Upon calculating the F1 score in Equation (5), it has been determined that the F1 score value is 62.10%. In this study, the F1 score reflects how precise the model is in identifying cases of good collateral circulation. Achieving a higher F1 score would require enhancing both precision and sensitivity, thereby improving the model's ability to accurately classify cases of good collateral circulation. This could be accomplished through further refinement and optimization of the model, considering factors such as feature selection, hyperparameter tuning, and data augmentation techniques.
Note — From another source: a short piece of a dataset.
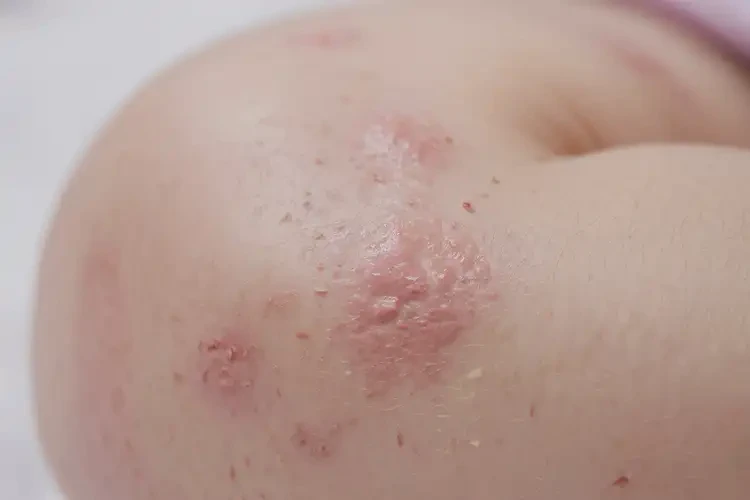 嬰兒大腿上經(jīng)常長(zhǎng)濕疹可不可以根治(圖3)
$$\begin{array}{c}\mathrm{F}1 \mathrm{s}\mathrm{c}\mathrm{o}\mathrm{r}\mathrm{e}=\frac{2 \times \mathrm{P}\mathrm{r}\mathrm{e}\mathrm{c}\mathrm{i}\mathrm{s}\mathrm{i}\mathrm{o}\mathrm{n} \times \mathrm{S}\mathrm{e}\mathrm{n}\mathrm{s}\mathrm{i}\mathrm{t}\mathrm{i}\mathrm{v}\mathrm{i}\mathrm{t}\mathrm{y}}{\mathrm{P}\mathrm{r}\mathrm{e}\mathrm{c}\mathrm{i}\mathrm{s}\mathrm{i}\mathrm{o}\mathrm{n} + \mathrm{S}\mathrm{e}\mathrm{n}\mathrm{s}\mathrm{i}\mathrm{t}\mathrm{i}\mathrm{v}\mathrm{i}\mathrm{t}\mathrm{y}}\\ \mathrm{F}1 \mathrm{s}\mathrm{c}\mathrm{o}\mathrm{r}\mathrm{e}=\frac{2 \times 0.527 \times 0.755}{0.527 + 0.755}\\ \mathrm{F}1 \mathrm{s}\mathrm{c}\mathrm{o}\mathrm{r}\mathrm{e}=0.621\end{array}$$

(5)

4. Conclusions

This study demonstrates the potential of deep learning using the VGG11 method, to automate the classification of collateral circulation patterns in ischemic stroke using CBCT imaging. The study achieved a notable accuracy of 58.32% in accurately classifying collateral circulation patterns, demonstrating the potential of deep learning techniques, particularly with the VGG11 architecture, in this domain. Although the achieved accuracy is competitive with other studies, further advancements are needed to improve classification accuracy and robustness for real-world clinical applications. This research contributes to the ongoing efforts to utilize deep learning for more accurate and efficient stroke diagnosis and optimizing treatment strategies.